An observer uses a 10 sided mirror to measure the speed of light. A clear image occurs every one-tenth of a rotation when the mirror is rotating at 4.31x10^2 rev/s. The total path of the light pulse is 60 km, measured from the light source to the mirrors and reflected back to the observer. What is the speed of light calculated from this data?
a. 3.87x10^-9 m/s
b. 2.59x10^5 m/s
c. 1.39x10^2 m/s
d. 2.59x10^8 m/s
N= 0.1 rev
n= 4.31•10² rev/s
t=N/n = 0.1/4.31•10² = 2.32 •10⁻⁴ s
v=s/t =60000/2.32•10⁻⁴=2.59•10⁸ m/s
Ans. d
To calculate the speed of light, we can use the formula:
Speed of light = (Total path traveled by light) / (Time taken for one complete rotation)
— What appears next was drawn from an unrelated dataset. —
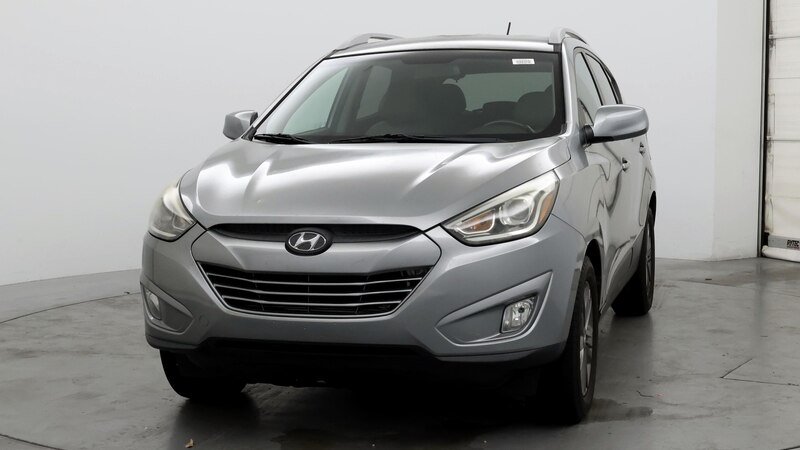 2014 Hyundai Tucson SE 4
Total path traveled by light is given as 60 km, which is equivalent to 60,000 meters.
To find the time taken for one complete rotation, we can use the given information that a clear image occurs every one-tenth of a rotation when the mirror is rotating at 4.31x10^2 rev/s.
One-tenth of a rotation is equal to 360 degrees / 10 = 36 degrees.
The time taken for one-tenth of a rotation can be found by dividing the angle in degrees by the rotational speed in degrees per second:
Time taken for one-tenth of a rotation = (36 degrees) / (4.31x10^2 rev/s) = (36 degrees) / (4.31x10^2 degrees/s)
Now, we can calculate the speed of light by substituting the values into the formula:
Speed of light = (60,000 meters) / (Time taken for one-tenth of a rotation)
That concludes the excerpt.